S’exhorter mutuellement à l’endurance

 

(Ramadan 2012 : deuxième semaine)

 

La semaine passée, chère amie, cher ami, j’ai considéré les versets 40-46 de la deuxième sourate: une invitation à l’endurance pour affronter la vie de tous les jours avec ses difficultés. D’autre part, sur ce même thème le Coran revient fréquemment. Il contient aussi l’invitation à s’exhorter réciproquement sur ce chemin.

C’est ce que je lis dans la sourate 103.

De par le nom de Dieu Tout-Miséricordieu, Tout-Compatissant.

1 Par le temps.

2 Voici, l’humain est perdu,

3 hormis ceux qui croient et font de bonnes œuvres,

ceux qui s’exhortent mutuellement à la vérité et s’exhortent mutuellement à l’endurance.

 

Cette courte sourate, la treizième dans l’ordre chronologique, porte le titre « al-‘asr » qui signifie «le temps», «l’époque». Ce mot pourrait évoquer l’urgence du message coranique devant une humanité «en perdition». Mais le même mot arabe est devenu, par la suite, «un terme technique de la liturgie: la prière de l’après-midi»1.

Après avoir constaté la faiblesse de l’être humain qui risque de se perdre, le Coran s’arrête sur ceux et celles qui se réalisent pleinement. Il s’agit des personnes «qui croient». Ce verbe va bien au-delà des confessions religieuses. La racine arabe, comme celle correspondante en hébreu2, contient l’idée de sécurité, une sécurité liée au fait de se confier, de se remettre à Dieu3. Et des commentateurs soulignent l’ouverture de cette sourate qui, en parlant de «ceux qui croient», évoque tous les monothéistes: juifs, chrétiens et musulmans ensemble.

Toujours dans le verset 3, le texte ne se limite pas à mentionner la foi. En effet, la confiance en Dieu doit se concrétiser dans de «bonnes œuvres», dans un engagement concret. Enfin, la dernière ligne revient sur la faiblesse, faiblesse qui caractérise aussi les croyants. Voilà pourquoi ils ont besoin de s’encourager mutuellement à la vérité et à l’endurance.

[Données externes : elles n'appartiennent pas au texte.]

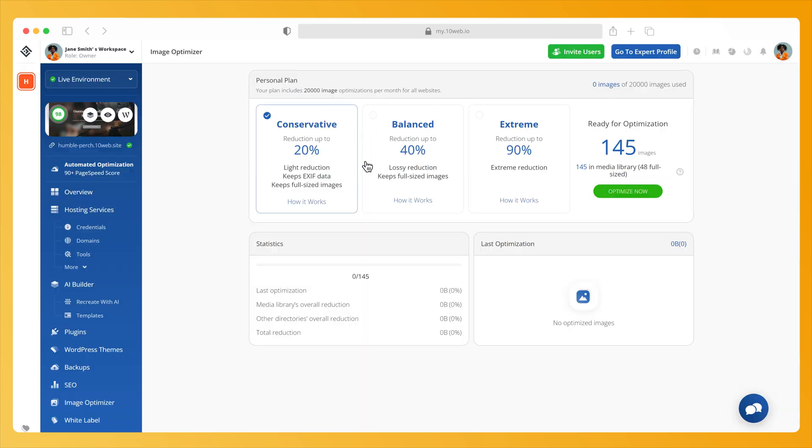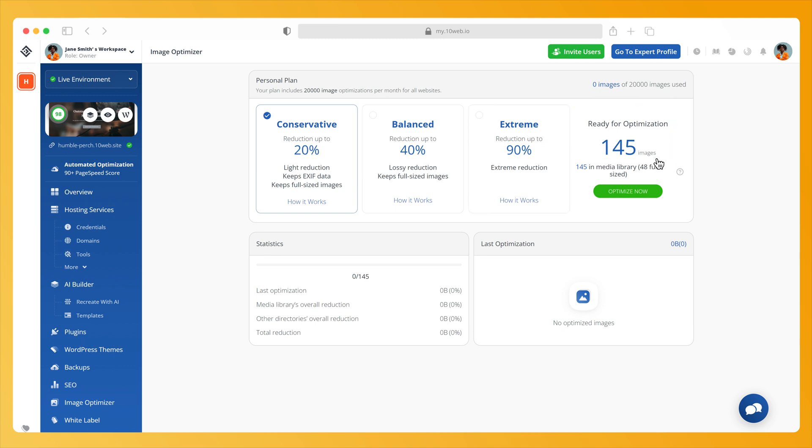As soon as the Image Optimizer is enabled, you will see the three compression modes and the number of images on your website that need to be optimized. Here is what the three modes of compression mean.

La nécessité de s’encourager mutuellement me fait penser aussi aux chrétiens des premières communautés. C’est le cas de la communauté de Thessalonique à laquelle Paul avait donné naissance pendant un bref séjour vers l’an 50. Mais son œuvre fut interrompue par la réaction des Juifs qui ont contraint Paul à un départ en toute vitesse. Mais, arrivé à Athènes,

 

2 nous avons envoyé Timothée […]

pour vous affermir et encourager pour ce qui est de votre foi.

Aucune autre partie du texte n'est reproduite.